Meditation is hard — Molly Birkholm, stress management consultant and yoga and meditation teacher, knows this first hand. She was introduced to meditation after experiencing a near-fatal car crash. While she learned to use this practice to heal her own PTSD, it was not easy to get into. "Initially, I found it very difficult to do silent meditation," Birkholm told POPSUGAR. "It just seemed like my mind went straight to the to-do list, or as I call it, the 'Top 10 Favorite Playlist of Thoughts That You Can't Stop Yourself From Thinking.'"
Birkholm quit her job four years after the crash to study around Asia, where she eventually completed her teacher training in Sivananda Yoga. She teaches private retreats for corporate clients and has worked with veterans and military personnel through the organization Warriors at Ease, which offers trauma-sensitive yoga and meditation programs. For Integrative Restoration (iRest) Institute, she leads practices of yoga nidra, a form of guided relaxation that brings you into a state of meditation. Birkholm classifies it as a mindfulness form of meditation as opposed to a "concentration" style focused on silence.
Mindfulness meditation, which yoga nidra is a part of "is more of a tool to cultivate a sense of self-awareness, where you're aware of your body, aware of your breath, aware of your emotions, your feelings, your beliefs, your thoughts, but you're staying connected to a state of peace," Birkholm explained. "So you can think of mindfulness meditation as more like someone taking you by the hand and saying, 'Now we're going to go on a little tour of what's present for you in this moment.'"
Birkholm further explained, "A lot of times, people who just start meditating are people who are in a state of heightened stress or hyper-vigilance. If they try the concentration forms of meditation, they could end up feeling like they're failing or doing it wrong because the mind doesn't silence right away." That being said, if you have trouble sleeping or you feel anxious or depressed, meditation could be highly effective for helping alleviate that, she said, explaining that you don't necessarily need to feel as though you're going through trauma, like she did, to start.
"You're really more able to meet life on life's terms and find that sense of effortless power instead of powerful effort that really tends to drain us."

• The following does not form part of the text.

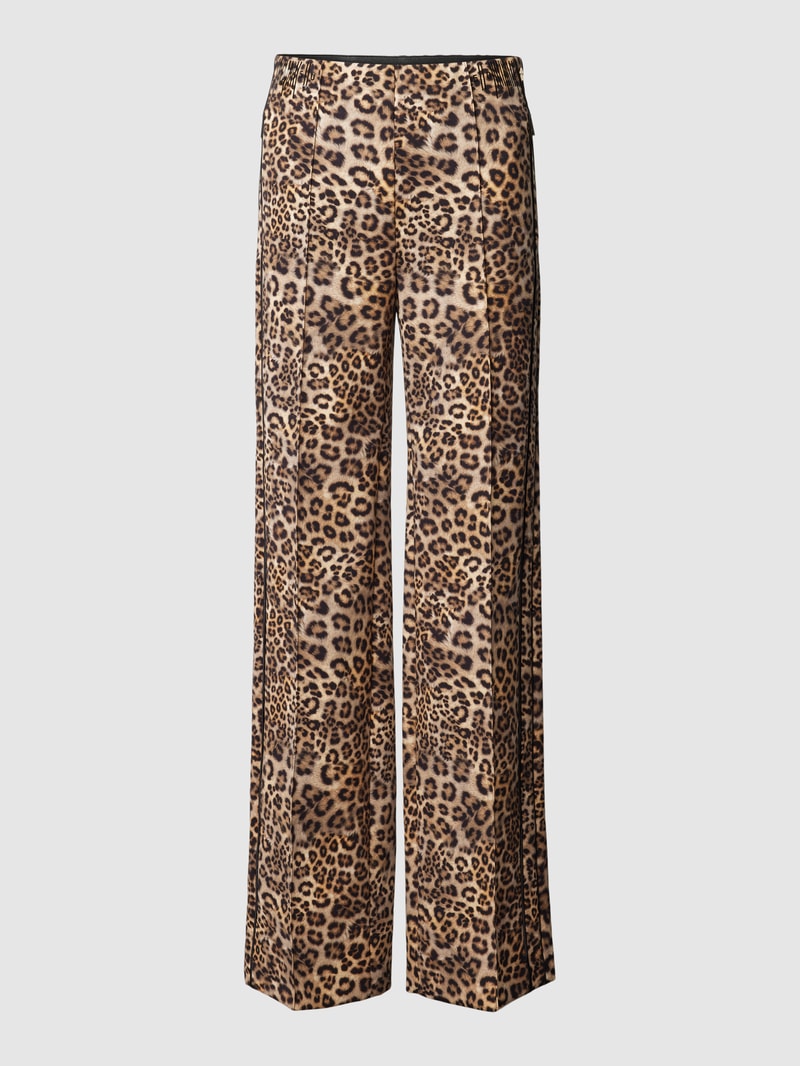 Hose mit Animal-Print - 50 Jahre Jubiläumskapsel in camel
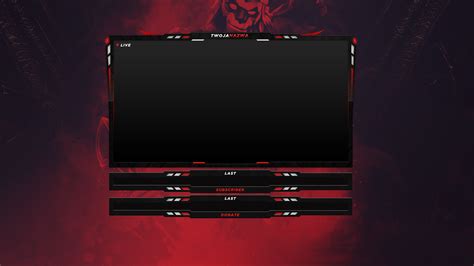 Free Twitch Overlay Template 2018 2 On Behance Overlays Twitch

Ways to Meditate For Stress Relief
Birkholm said that beginners should aim to meditate at least 20 minutes a day, whenever is convenient for them. They should also be consistent with it — try to meditate for two weeks or set a goal for a whole month. She said that even if you feel like you won't have time for this practice, you may come to realize that you're more efficient in the tasks you do each day because of it, and you'll want to make time. "You're really more able to meet life on life's terms and find that sense of effortless power instead of powerful effort that really tends to drain us."
This is the concentration style of meditation that Birkholm was talking about before. She would recommend starting with some deep breathing and taking time to observe the physical sensation of the body, the breath, and the mind. Anytime something arises in the mind, notice where you feel tension in your body. If you're not able to get into this form meditation, she suggests using guided meditation, specifically yoga nidra sessions, to help you reach a level of relaxation.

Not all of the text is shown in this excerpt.